The data in my ratings are based on the history of each team dating back to 2002. At the end of each season, ratings are truncated 80% closer to the starting rating. Since 0 is the starting rating, a team with a score of 100 at the end of one season will begin the next season at 80. As this system uses matches from different games, it does not use win margins. A "K factor" of 32 is used in each match except in playoff matches, where the K factor is 16 (I too found that playoff matches seemed less predictive of future matches than qualification matches).

At the 2014 FIRST Championship, this system had a 0.190 Brier score, so it at least performs better than flipping a coin!
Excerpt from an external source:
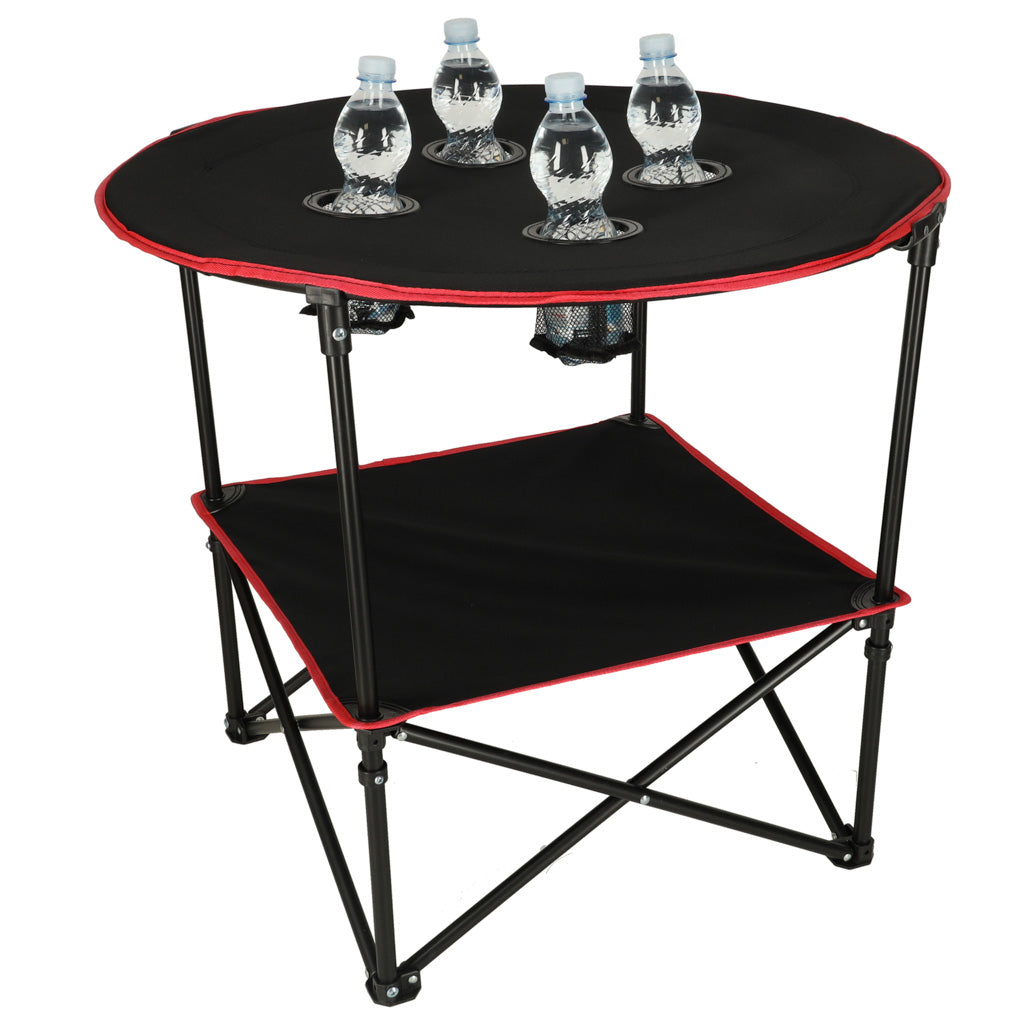 Masă de camping portabilă, pliabilă, cu husă, 72 cm x 72 cm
Anyways, enough methodology. Here are the current rankings:


Rank | Team | Rating
1. frc254 448
2. frc1519 421
3. frc225 388
4. frc1678 381
5. frc195 373
6. frc2481 368
7. frc118 364
8. frc987 345
9. frc2056 344
10. frc359 340
11. frc1023 336
12. frc1241 333
13. frc1114 333
14. frc525 329
15. frc148 327
16. frc1986 325
17. frc330 323
18. frc67 321
19. frc133 312
20. frc2767 310
21. frc33 306
22. frc3310 300
23. frc16 299
24. frc1806 299
25. frc4564 295
26. frc1501 292
27. frc125 290
28. frc3238 284
29. frc5172 278
30. frc971 278
31. frc368 276
32. frc494 275
33. frc5254 270
34. frc2122 269
35. frc2771 268
36. frc3130 267
37. frc1619 266
38. frc1024 266
39. frc4334 264
40. frc4469 263
41. frc3683 263
42. frc2974 262
43. frc179 259
44. frc3314 259
45. frc27 259
46. frc3230 256
47. frc1540 254
48. frc1318 254
49. frc1983 254
50. frc3990 253
51. frc3339 253
52. frc126 249
53. frc2451 247
54. frc107 245
55. frc1730 245
56. frc3604 244
57. frc2067 243
58. frc3824 243
59. frc2468 243
60. frc233 242
61. frc2590 242
62. frc4103 239
63. frc180 238
64. frc1918 237
65. frc973 236
66. frc1418 236
67. frc4488 236
68. frc25 236
69. frc3688 235
70. frc5050 235
71. frc70 234
72. frc2883 232
73. frc1261 232
74. frc2848 232
75. frc341 229
76. frc1296 228
77. frc1746 227
78. frc177 227
79. frc868 226
80. frc4039 226
81. frc3937 226
82. frc744 225
83. frc1717 222
84. frc2614 222
85. frc4188 221
86. frc85 220
87. frc2137 220
88. frc3309 219
89. frc217 219
90. frc1065 219
91. frc1425 218
92. frc4967 218
93. frc836 218
94. frc1126 217
95. frc1836 216
96. frc2471 216
97. frc3255 215
98. frc2338 215
99. frc231 214
100. frc4003 214


I will try to post the source code and some of the research I used to develop this system at some point after finals.

EDIT: Here (https://gist.github.com/CarlColglazier/0d09855e5d39003807d34bf0e86f06c9) are the full rankings if anyone is interested.

wjordan
22-04-2016, 19:13
Someone pointed out an error in the script I posted, which made the ratings slightly incorrect. I fixed the error and updated the rankings in the OP.

As for predictive power, this set of rankings had a Brier score of 0.155.

Richard Wallace
22-04-2016, 19:16
...ratings are based on the history of each team dating back to 2002 ...

83. frc1717 222

...

I can see at least one reason that "past performance does not guarantee future results", as the investment prospectus always says.